**REQUIRED ACTION**
Print exactly, and only, the lines from the one containing "3x5FT Vinyl Spring" through the last line of the records below, both included; leave out the pictures.

**Records from a collection**
____________________

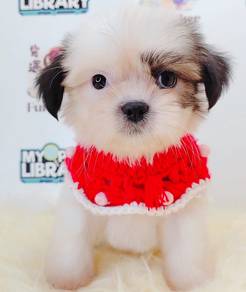 Shih Tzu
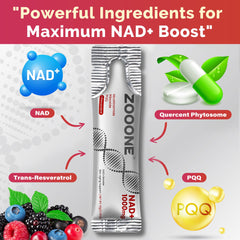 Zooone NAD+ pour close-up illustrating smooth absorption potential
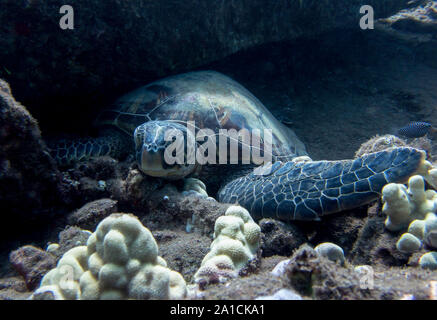 Close up Hawaiian green sea turtle resting on ocean floor. Stock Photo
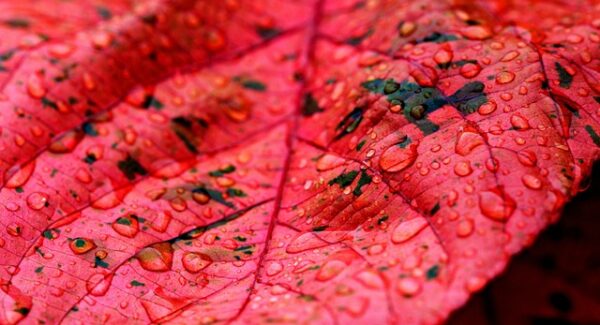 站长SEO进阶指南：龙岩SEO技巧与网站交易中介的联动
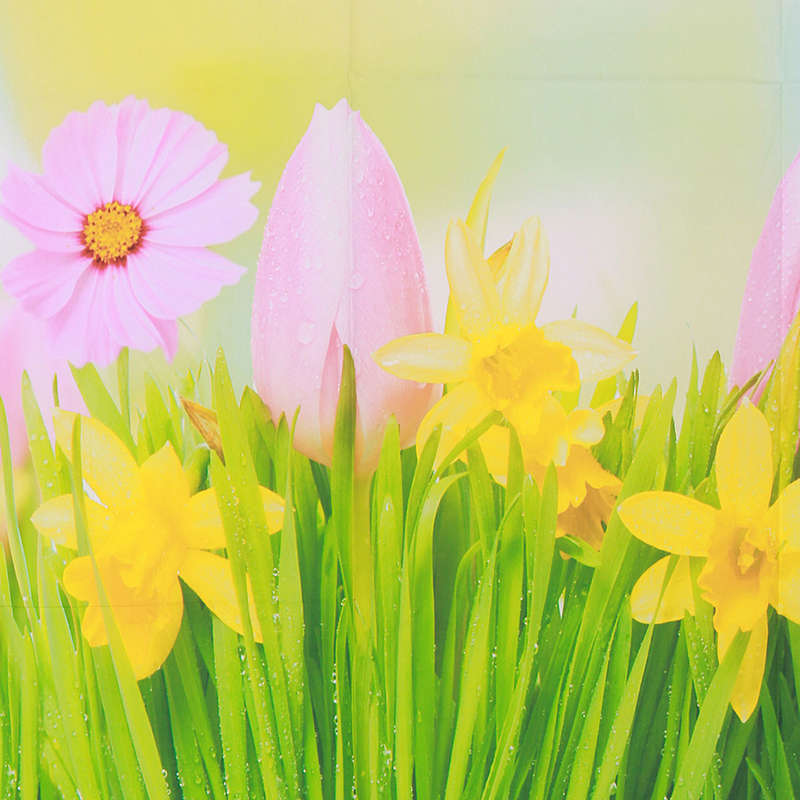 3x5FT Vinyl Spring Flower Bracket Photography Backdrop Background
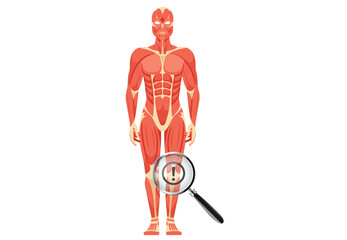 Graphic illustrating common body health problems and issues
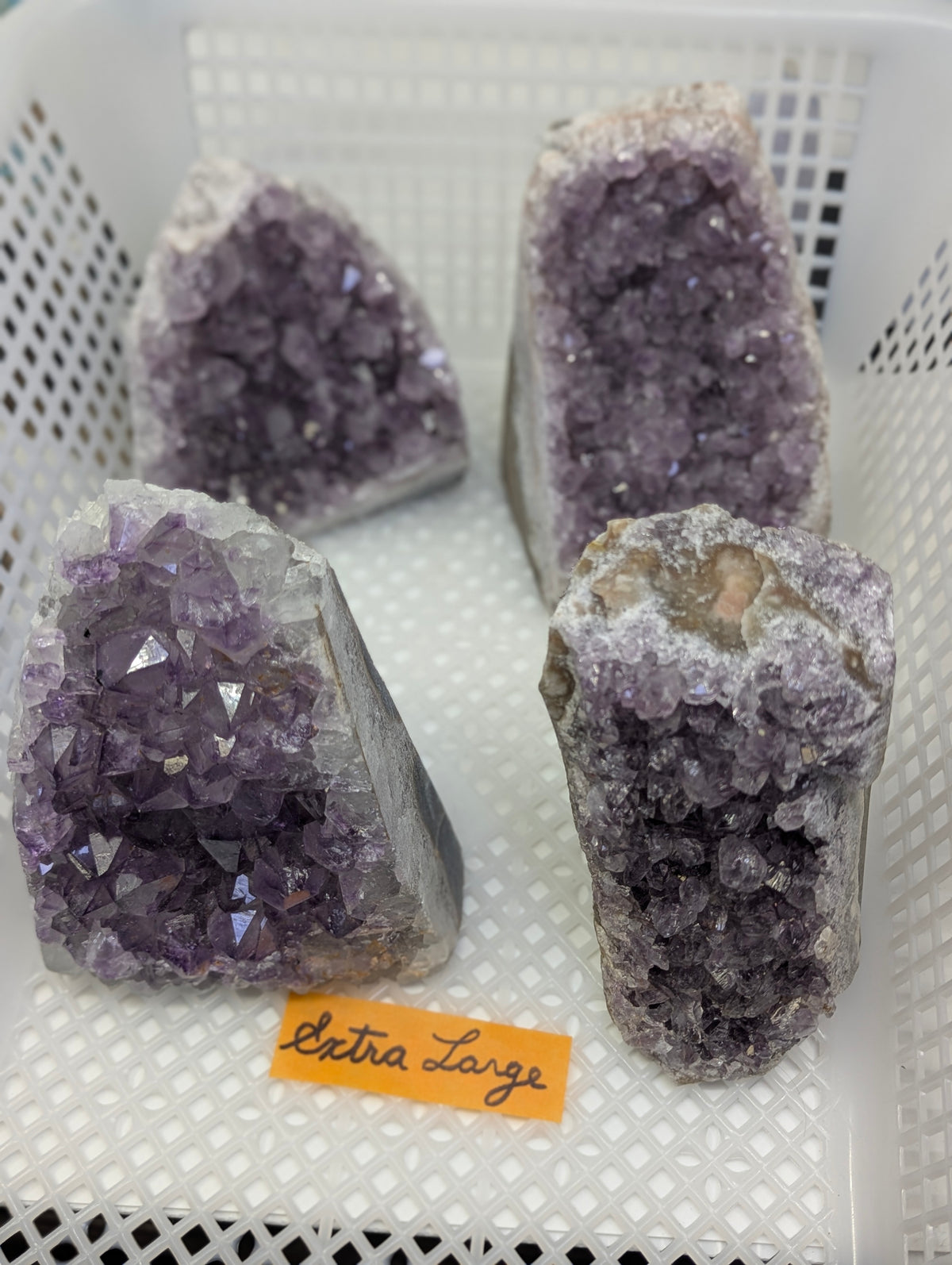 Natural Amethyst cut base vugs in Extra Large, showcasing thick basalt matrix profiles and robust deep purple quartz crystal clusters.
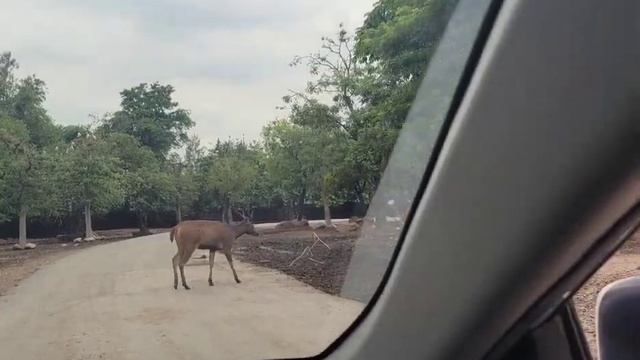 Bangkok safari zoo watch out for wild animals the tiger will get you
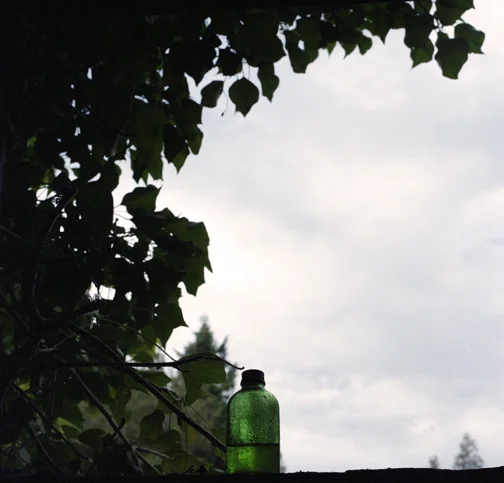 Window Greenery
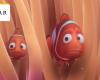 Alla ricerca di Nemo: questo seguito nessuno lo vedrà mai, e probabilmente è meglio così – Cinema News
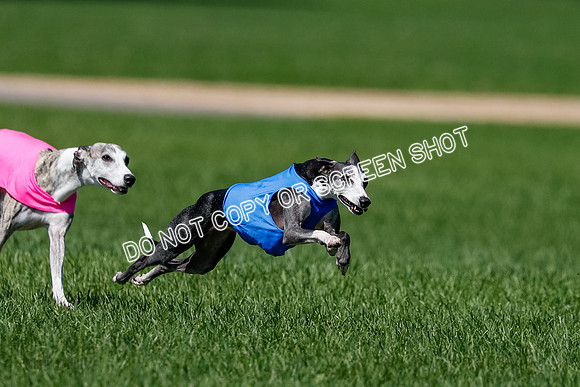 Whippet Finals Leni, Thor, Winnie-4165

____________________

**TASK RESULT**
 3x5FT Vinyl Spring Flower Bracket Photography Backdrop Background
 Graphic illustrating common body health problems and issues
 Natural Amethyst cut base vugs in Extra Large, showcasing thick basalt matrix profiles and robust deep purple quartz crystal clusters.
 Bangkok safari zoo watch out for wild animals the tiger will get you
 Window Greenery
 Alla ricerca di Nemo: questo seguito nessuno lo vedrà mai, e probabilmente è meglio così – Cinema News
 Whippet Finals Leni, Thor, Winnie-4165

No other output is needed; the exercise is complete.